■ **WORK INSTRUCTIONS**:
For this exercise, return only the lines in the records below from the one holding "Мікрохвильова піч Panasonic" through the one holding "Uno de los accidentes", including both, exactly as they appear and without pictures.

■ **THE DATA**:
- - - -

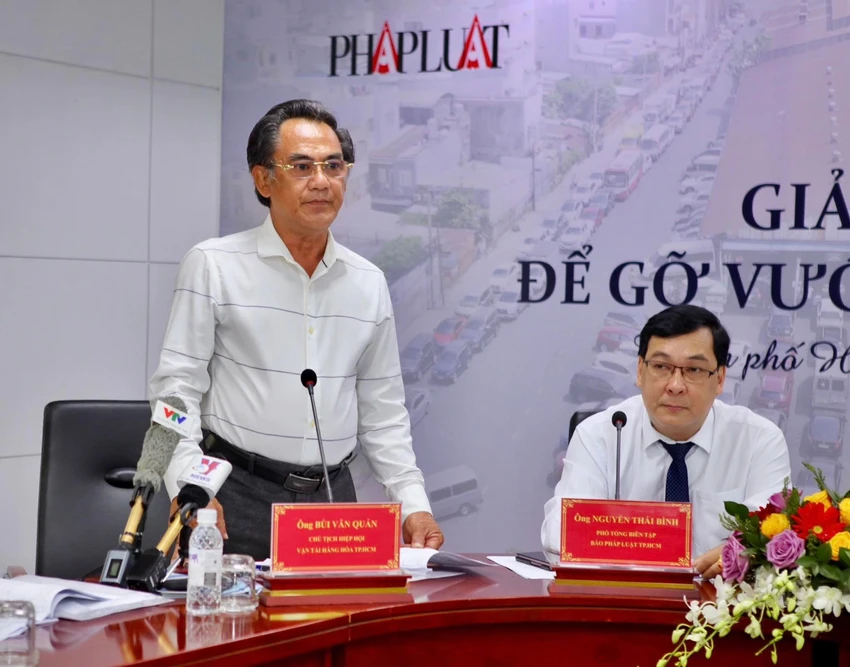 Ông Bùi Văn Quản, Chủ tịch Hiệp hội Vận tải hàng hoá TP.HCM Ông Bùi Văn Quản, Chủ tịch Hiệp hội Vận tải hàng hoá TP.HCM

- - - -

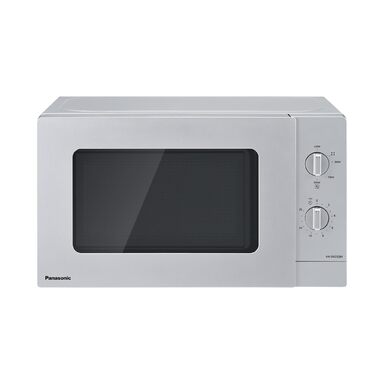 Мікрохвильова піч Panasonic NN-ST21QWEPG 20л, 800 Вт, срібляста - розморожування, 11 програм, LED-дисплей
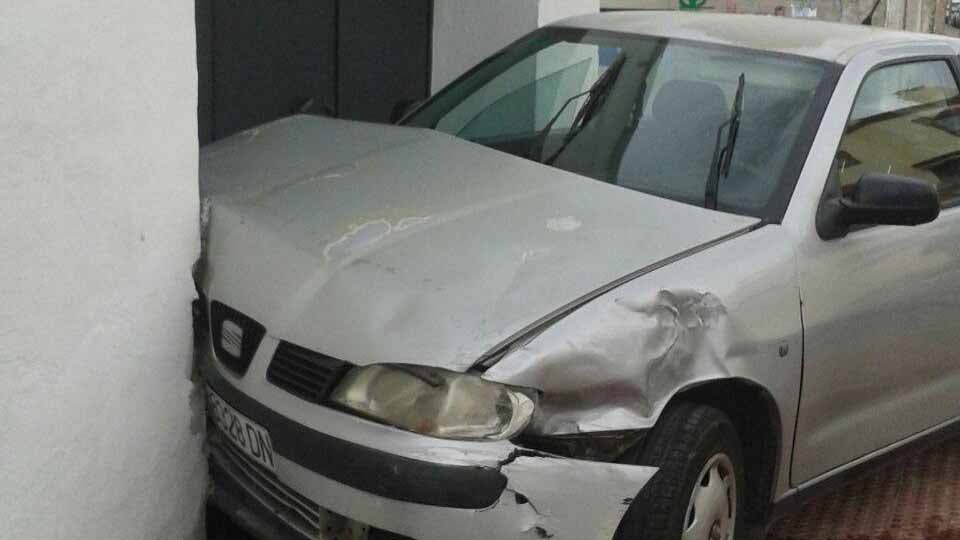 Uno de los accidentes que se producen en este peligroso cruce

- - - -

■ **RESULT BELOW**:
 Мікрохвильова піч Panasonic NN-ST21QWEPG 20л, 800 Вт, срібляста - розморожування, 11 програм, LED-дисплей
 Uno de los accidentes que se producen en este peligroso cruce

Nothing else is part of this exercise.